__Data__

·····

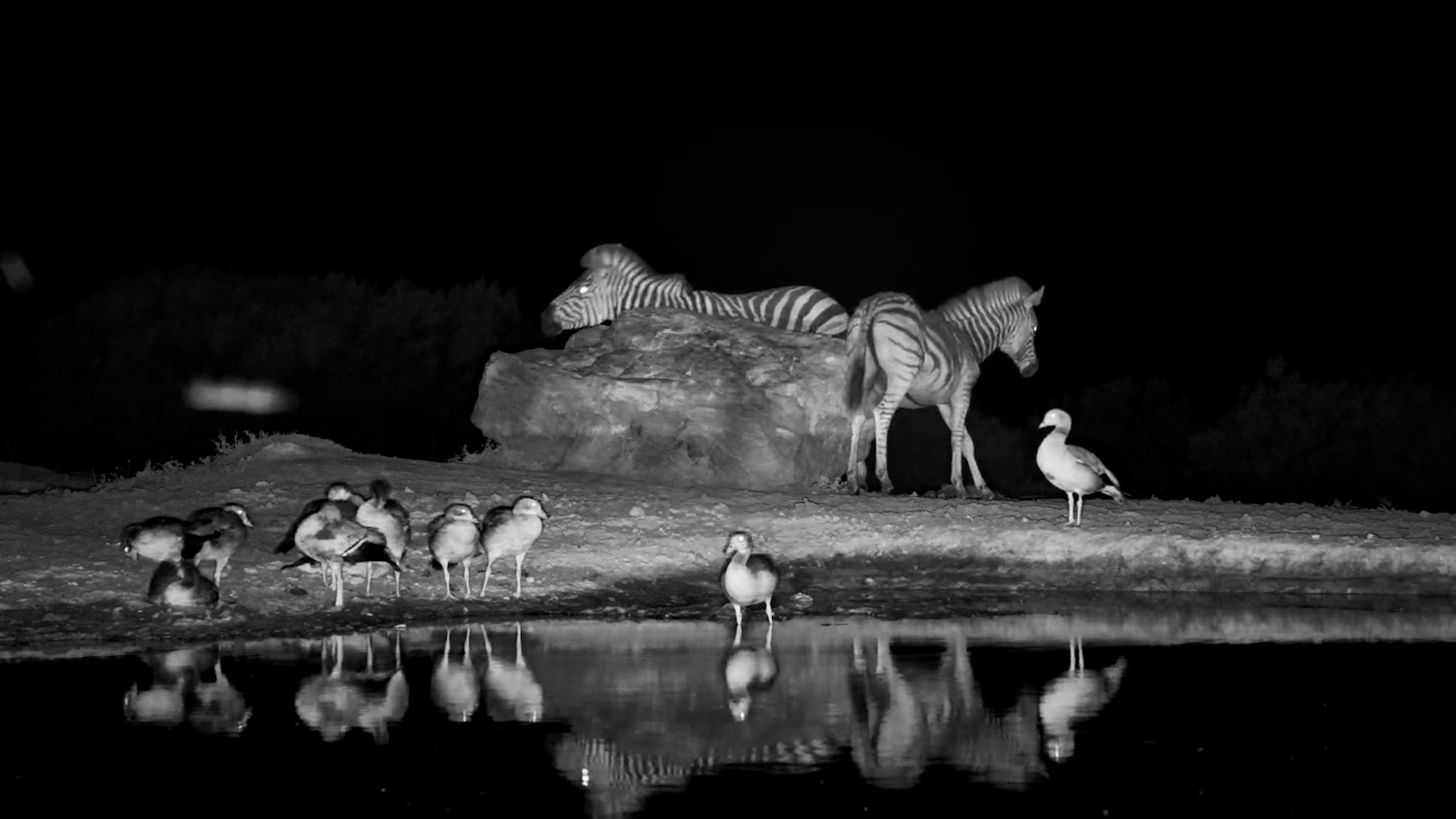 These Zebras Found the Perfect Rock for a Good Scratch
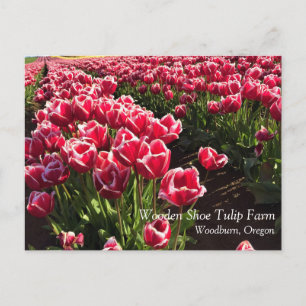 Carte Postale Leen Van Der Mark Tulips, Oregon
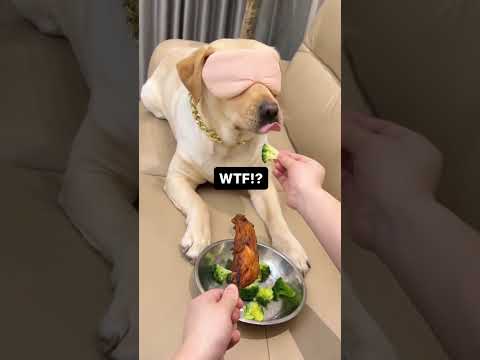 Dog reaction 😂 🤣 cheating..#cat #kittycomedy #funny #kitty #comedy #cutecomedy #shaababies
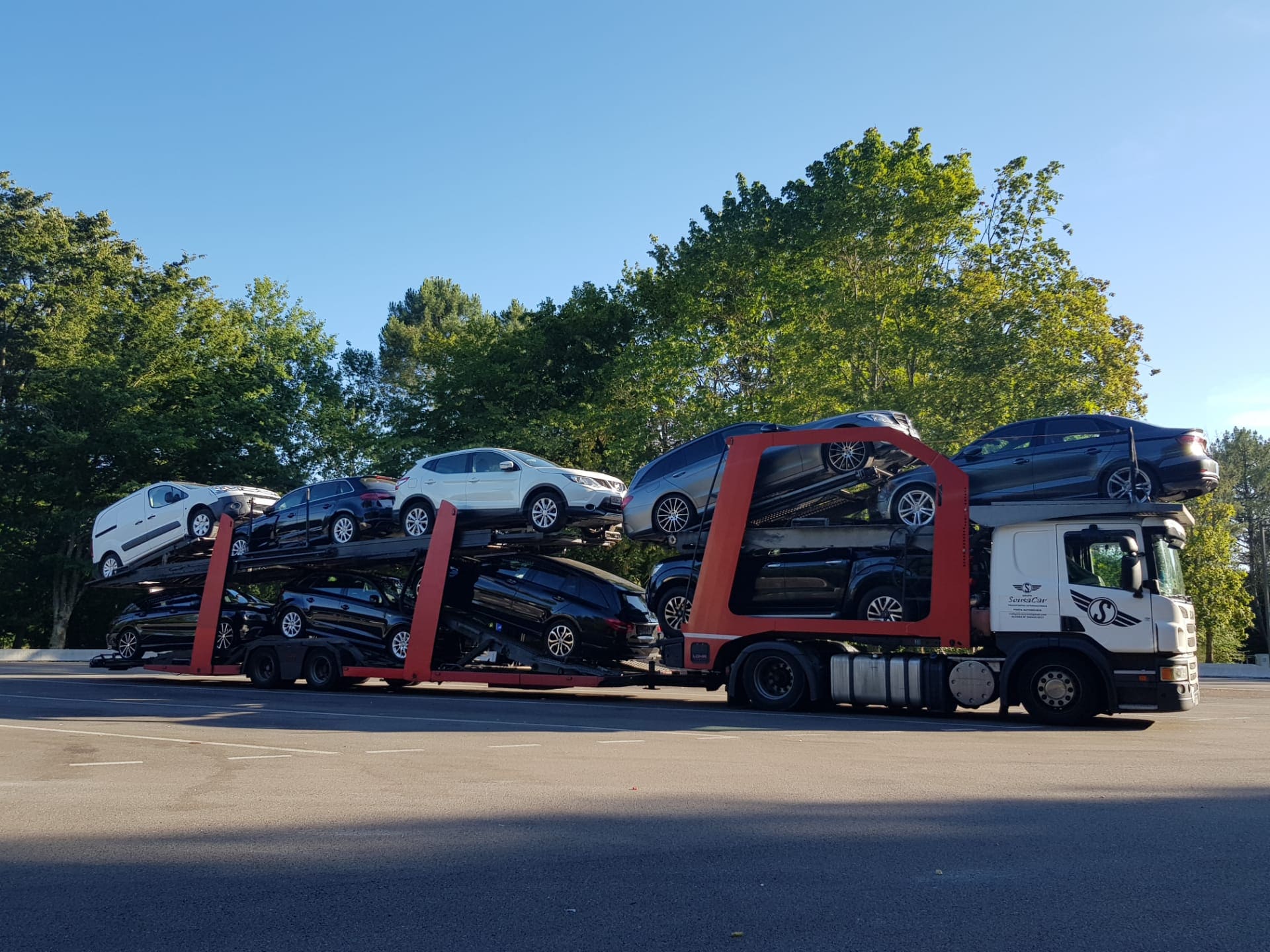 TRANSPORTAMOS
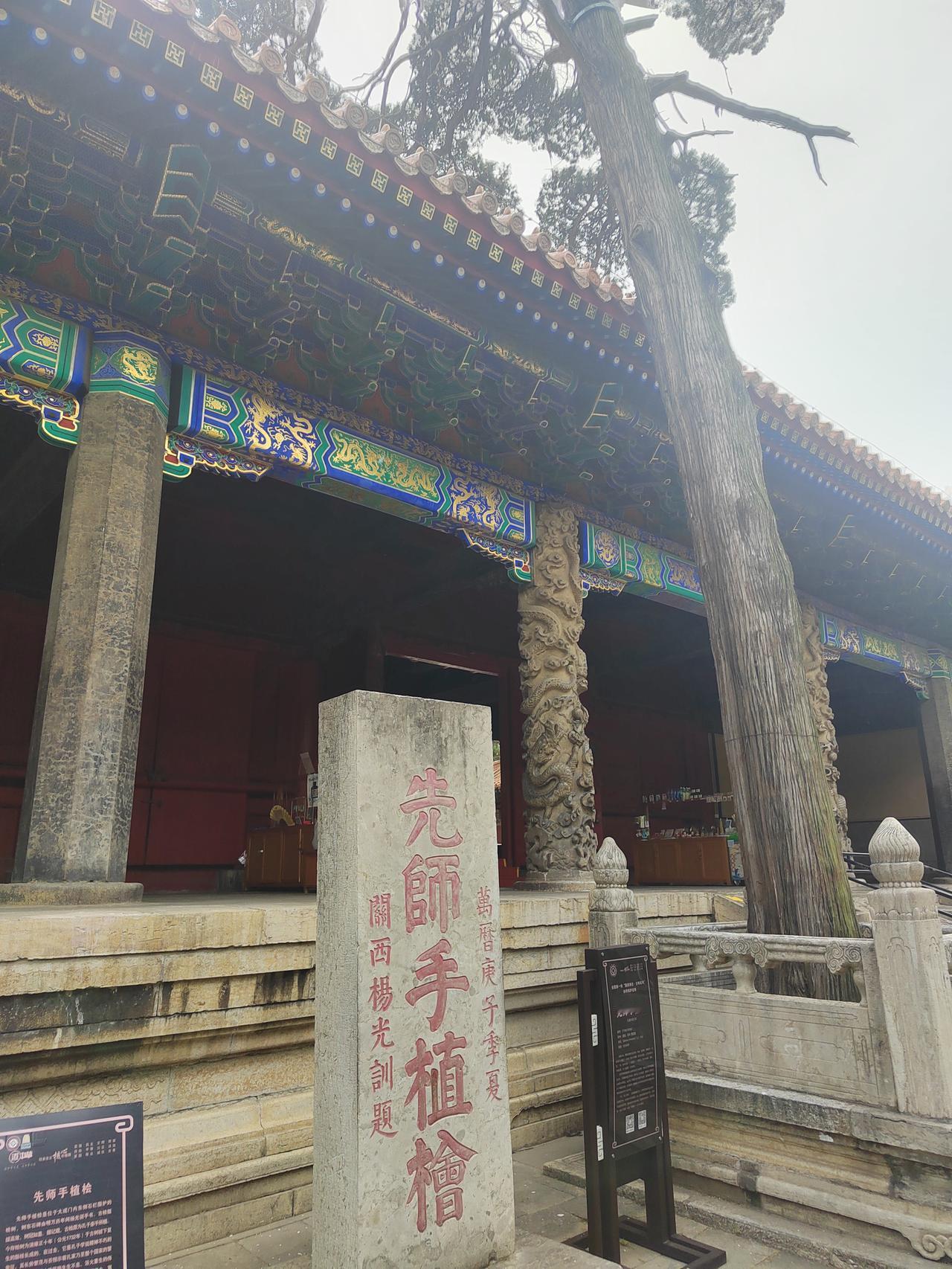 孔庙，孔子当年在故宅内亲手植下三棵桧树，仅有一棵成活。打公元前500年至今，已历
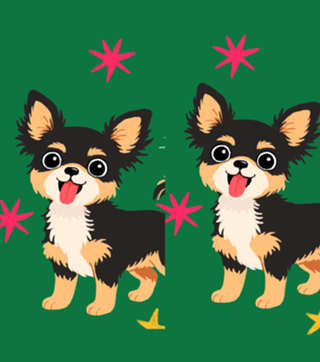 Chihuahua (pelo longo) - Coleção Meu Pet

·····

__Aim of the exercise__
Please set down the records exactly, and keep every image out of the copy.

__Response box__
 These Zebras Found the Perfect Rock for a Good Scratch
 Carte Postale Leen Van Der Mark Tulips, Oregon
 Dog reaction 😂 🤣 cheating..#cat #kittycomedy #funny #kitty #comedy #cutecomedy #shaababies
 TRANSPORTAMOS
 孔庙，孔子当年在故宅内亲手植下三棵桧树，仅有一棵成活。打公元前500年至今，已历
 Chihuahua (pelo longo) - Coleção Meu Pet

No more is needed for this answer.